Advances in perovskite nanocrystals and nanocomposites for scintillation applications

TL;DR

This review discusses recent advances in perovskite nanocrystals embedded in polymers for radiation detection, highlighting synthesis methods, embedding strategies, and performance evaluations of nanocomposite scintillators.

Contribution

It provides a comprehensive overview of synthesis, embedding techniques, and performance assessment of PNC-based nanoscintillators, emphasizing recent innovations and challenges.

Findings

PNC-based nanocomposites exhibit high luminescence and radiation hardness.

Various synthesis and embedding methods influence scintillation performance.
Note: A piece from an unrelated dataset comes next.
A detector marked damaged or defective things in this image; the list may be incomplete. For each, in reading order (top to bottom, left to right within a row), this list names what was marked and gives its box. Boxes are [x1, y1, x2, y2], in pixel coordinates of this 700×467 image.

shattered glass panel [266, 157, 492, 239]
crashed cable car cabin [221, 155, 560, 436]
Recent strategies improve dispersion and stability of PNCs in polymer matrices.

Abstract

In recent years, the field of radiation detection has witnessed a paradigm shift with the emergence of plastic scintillators incorporating perovskite nanocrystals (PNCs). This innovative class of scintillators not only capitalizes on the superior luminescent properties of PNCs but also harnesses the flexibility and processability of polymers. This review explores the intricate landscape of synthesizing and fabricating scintillating PNCs and nanocomposites, delving into the methods employed in their production. From solution-based methods to innovative solid-state approaches, the synthesis of PNCs for scintillators application is explored comprehensively. Furthermore, embedding strategies within polymeric matrices are scrutinized, shedding light on the various techniques utilized to achieve optimal dispersion and compatibility. The evaluation of the final nanocomposites is finally discussed, with a particular emphasis on their scintillating performance and radiation hardness. Through a meticulous exploration of synthesis methodologies, embedding techniques, and performance assessments, this review aims to provide a multilayered understanding of the state-of-the-art in PNCs-based nanoscintillators.